→ TASK DETAILS: For this exercise, write out only the lines of the entries below from the one with "21 Day Europe Balkan Combined Tour" up to and including the one with "Used Driver airbag", exactly as they are. Pictures stay out.

→ DATA SECTION:
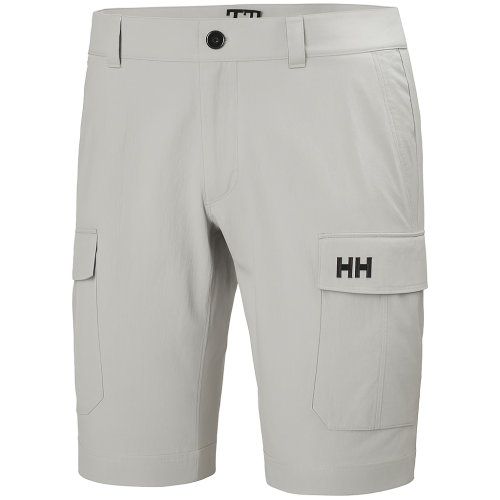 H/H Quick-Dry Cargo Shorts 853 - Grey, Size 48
--
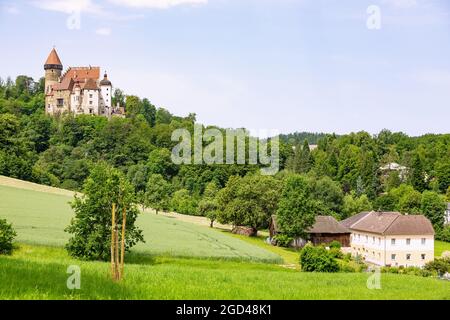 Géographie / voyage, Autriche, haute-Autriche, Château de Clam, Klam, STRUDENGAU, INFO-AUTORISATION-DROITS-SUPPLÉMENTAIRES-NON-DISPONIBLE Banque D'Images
--
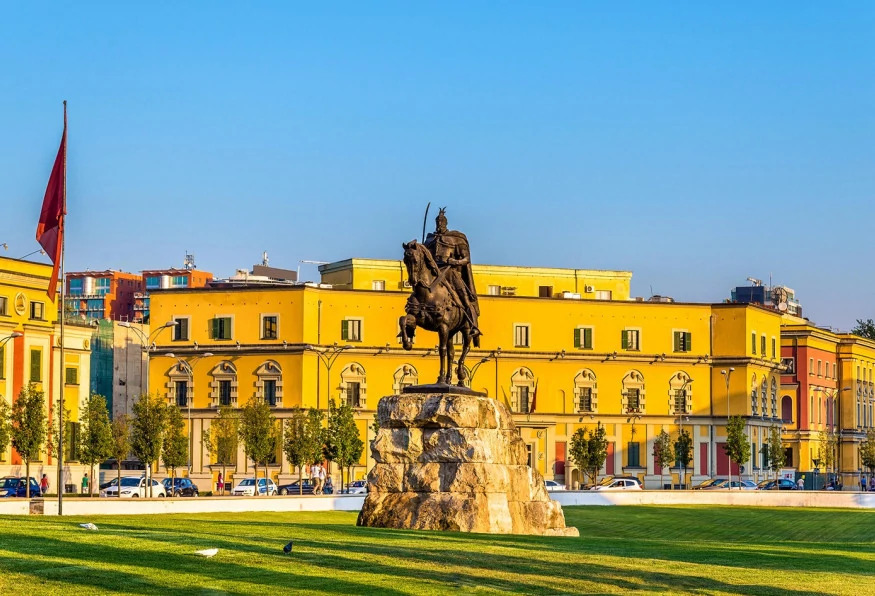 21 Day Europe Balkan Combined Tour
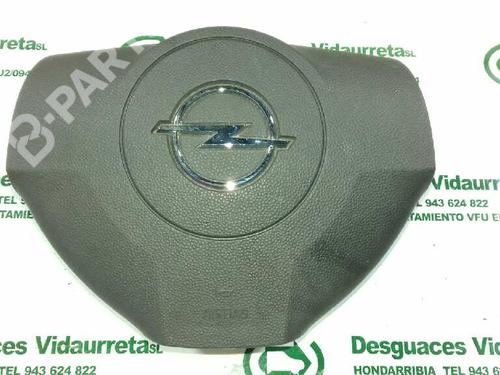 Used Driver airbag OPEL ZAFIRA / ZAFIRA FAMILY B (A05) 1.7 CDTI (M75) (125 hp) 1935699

→ TASK OUTPUT:
 21 Day Europe Balkan Combined Tour
 Used Driver airbag OPEL ZAFIRA / ZAFIRA FAMILY B (A05) 1.7 CDTI (M75) (125 hp) 1935699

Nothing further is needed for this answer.